__RECORDS SUPPLIED__:

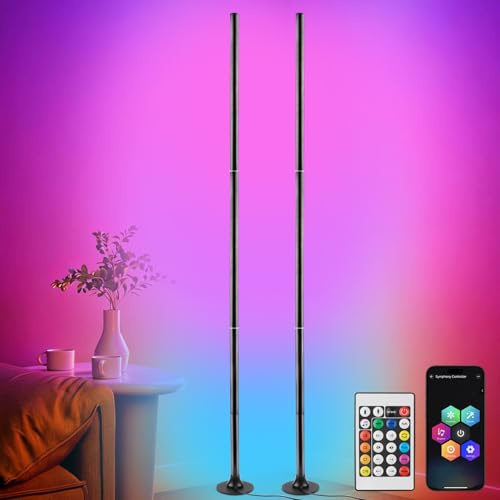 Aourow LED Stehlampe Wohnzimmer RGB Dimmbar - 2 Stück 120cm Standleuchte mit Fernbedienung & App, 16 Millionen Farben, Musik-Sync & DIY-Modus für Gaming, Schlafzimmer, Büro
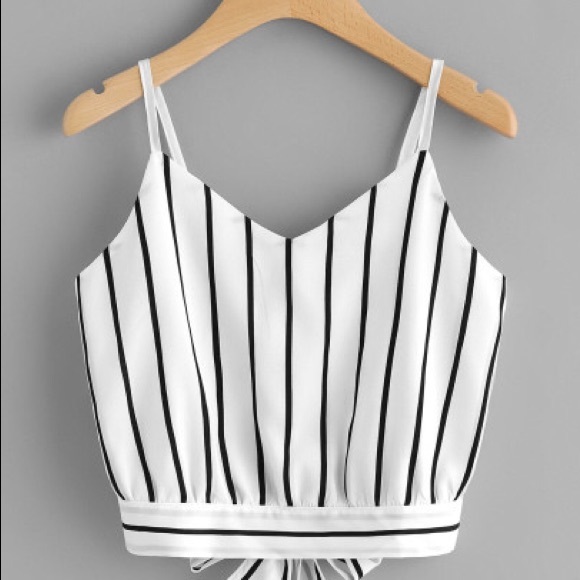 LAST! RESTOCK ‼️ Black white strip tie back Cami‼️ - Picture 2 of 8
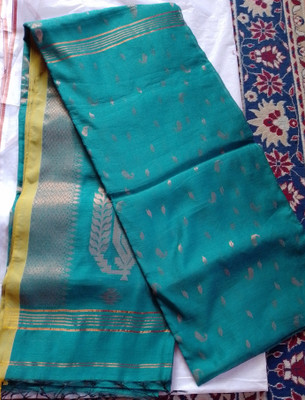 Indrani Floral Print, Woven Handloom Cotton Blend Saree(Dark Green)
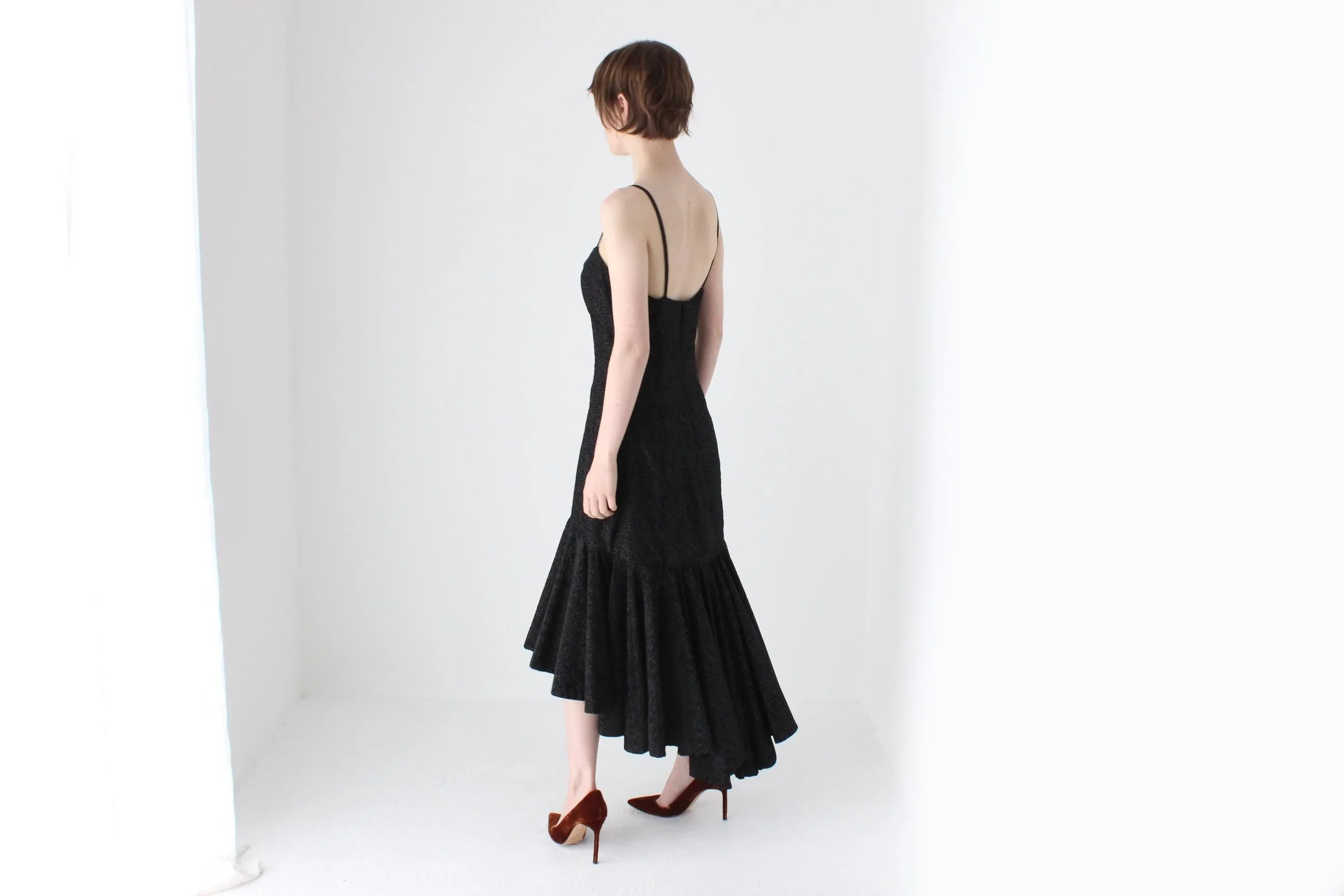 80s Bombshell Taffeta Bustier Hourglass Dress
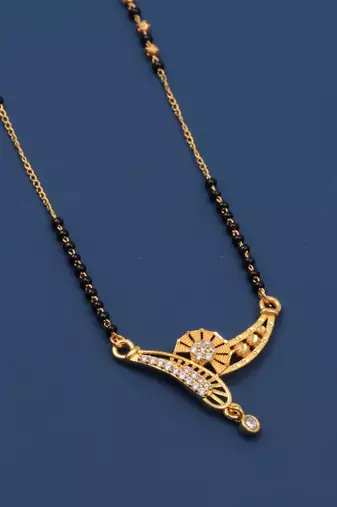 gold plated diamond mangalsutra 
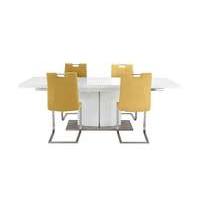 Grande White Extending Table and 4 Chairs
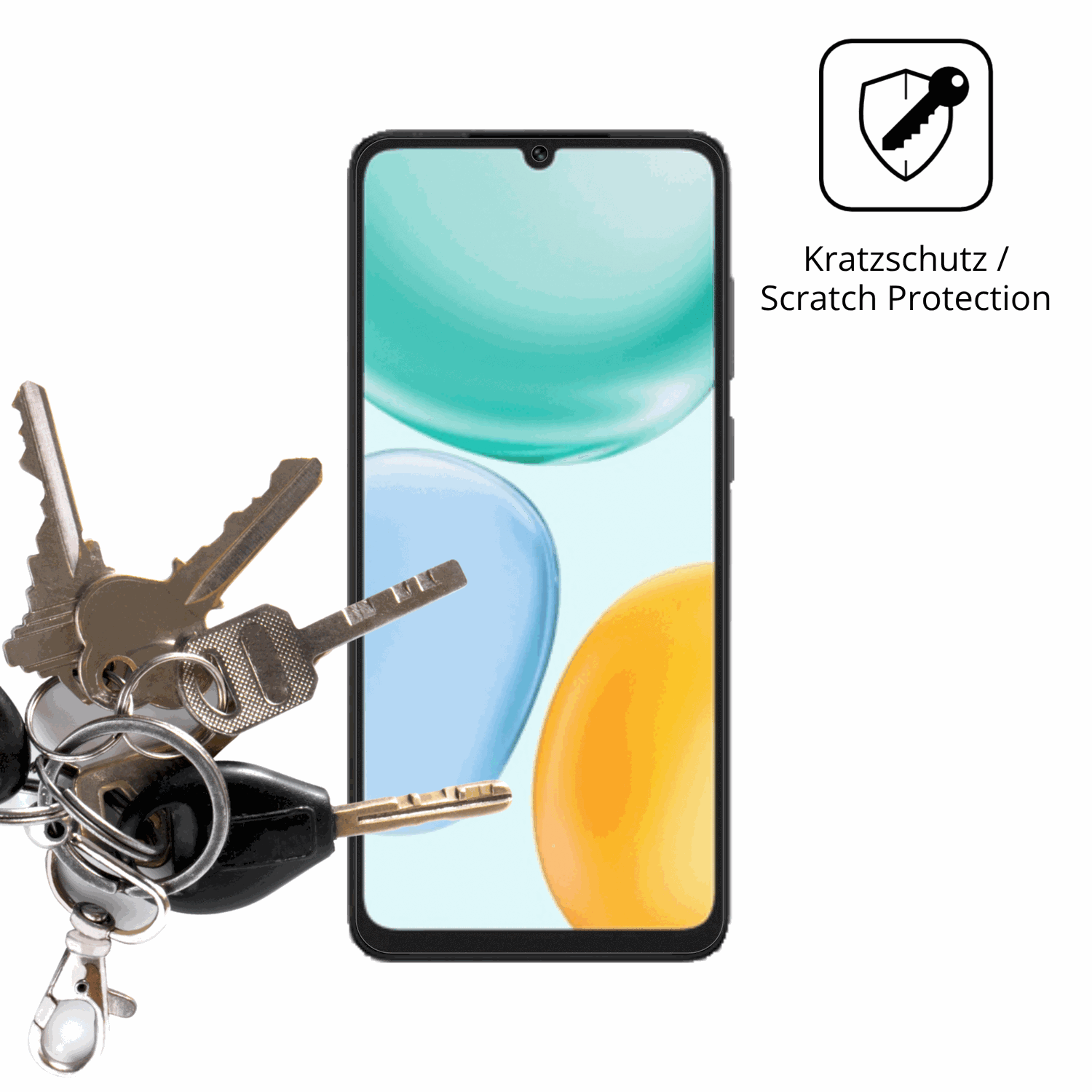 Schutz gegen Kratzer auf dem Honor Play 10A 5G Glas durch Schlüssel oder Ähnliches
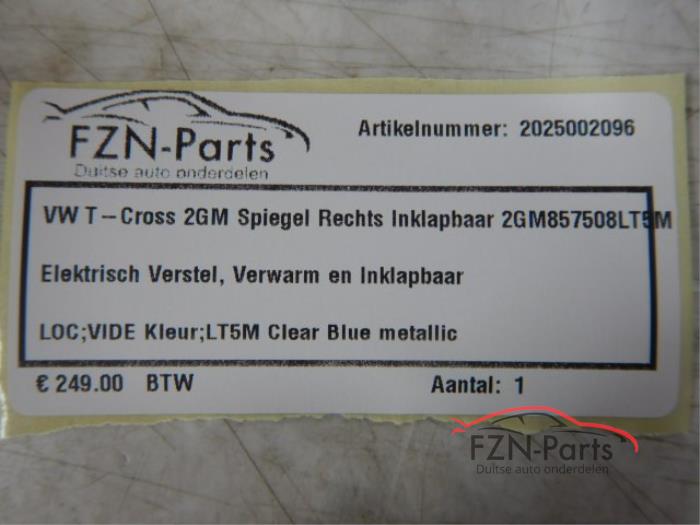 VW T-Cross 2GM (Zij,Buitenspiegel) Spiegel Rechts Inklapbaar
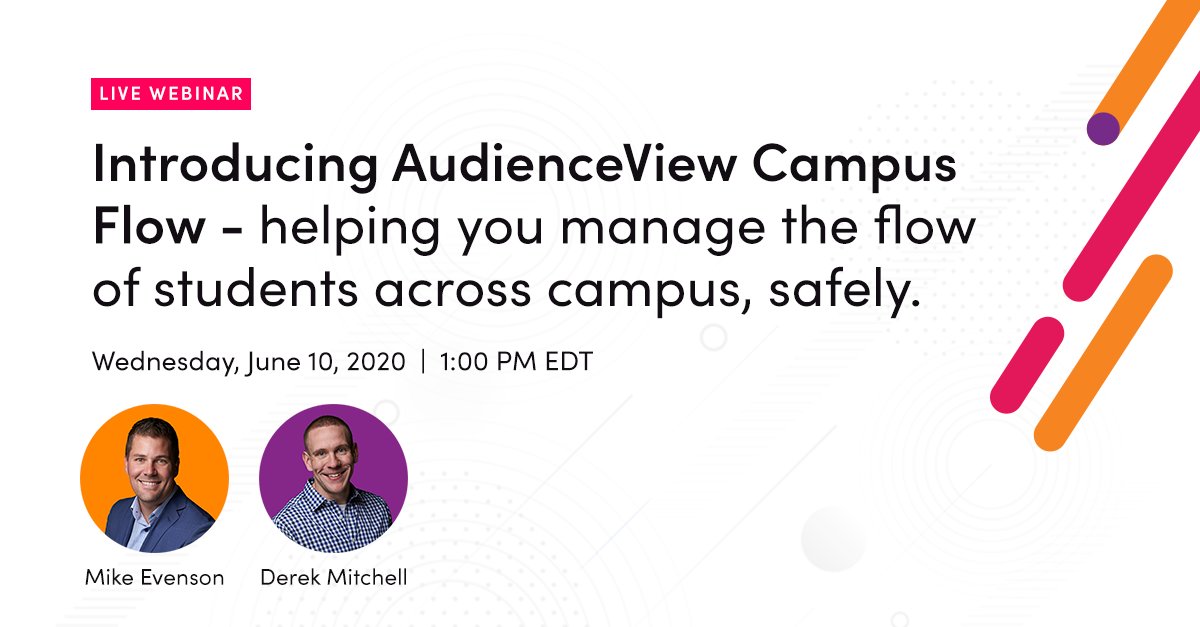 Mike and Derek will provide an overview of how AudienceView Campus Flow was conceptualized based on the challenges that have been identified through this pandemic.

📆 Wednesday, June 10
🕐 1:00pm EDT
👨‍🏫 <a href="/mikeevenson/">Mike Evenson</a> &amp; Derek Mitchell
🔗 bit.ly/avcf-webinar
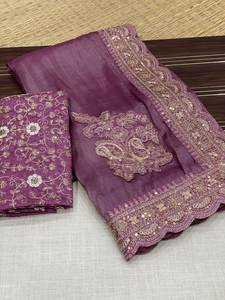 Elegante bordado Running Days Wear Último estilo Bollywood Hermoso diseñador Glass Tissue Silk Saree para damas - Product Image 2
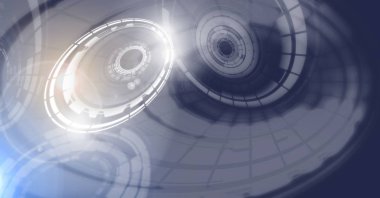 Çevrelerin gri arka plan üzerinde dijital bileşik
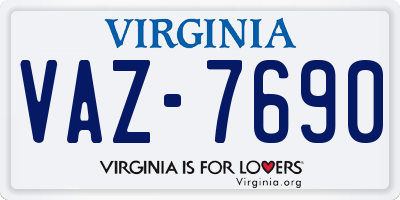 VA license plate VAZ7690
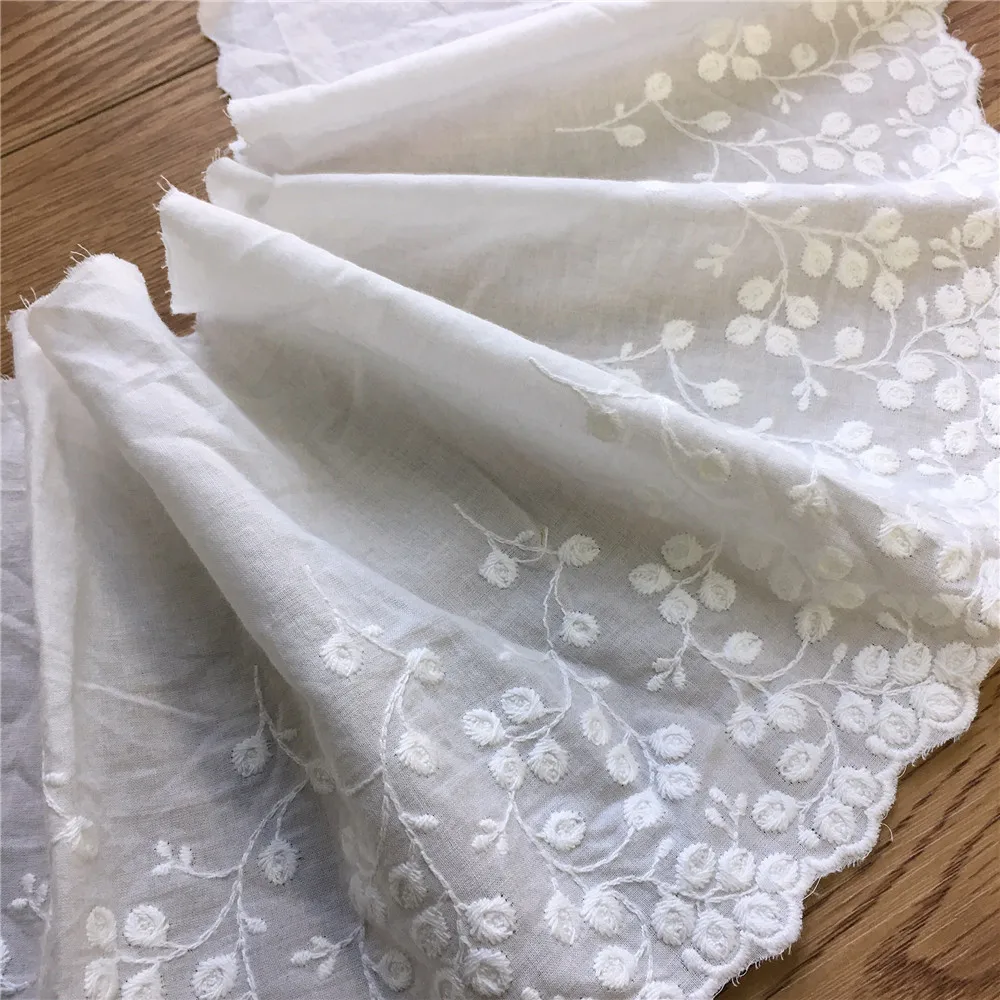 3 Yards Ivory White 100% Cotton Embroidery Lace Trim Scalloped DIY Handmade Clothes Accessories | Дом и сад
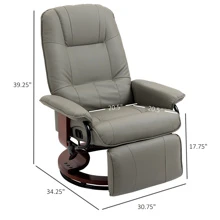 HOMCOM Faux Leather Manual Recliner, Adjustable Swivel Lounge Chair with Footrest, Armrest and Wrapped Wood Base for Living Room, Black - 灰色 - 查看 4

__DESCRIPTION OF THE TASK__: Pictures are to be dropped, and the lines from the line with "Elegante bordado Running" through the end of the material above are to be reproduced exactly.

__REPLY__:
 Elegante bordado Running Days Wear Último estilo Bollywood Hermoso diseñador Glass Tissue Silk Saree para damas - Product Image 2
 Çevrelerin gri arka plan üzerinde dijital bileşik
 VA license plate VAZ7690
 3 Yards Ivory White 100% Cotton Embroidery Lace Trim Scalloped DIY Handmade Clothes Accessories | Дом и сад
 HOMCOM Faux Leather Manual Recliner, Adjustable Swivel Lounge Chair with Footrest, Armrest and Wrapped Wood Base for Living Room, Black - 灰色 - 查看 4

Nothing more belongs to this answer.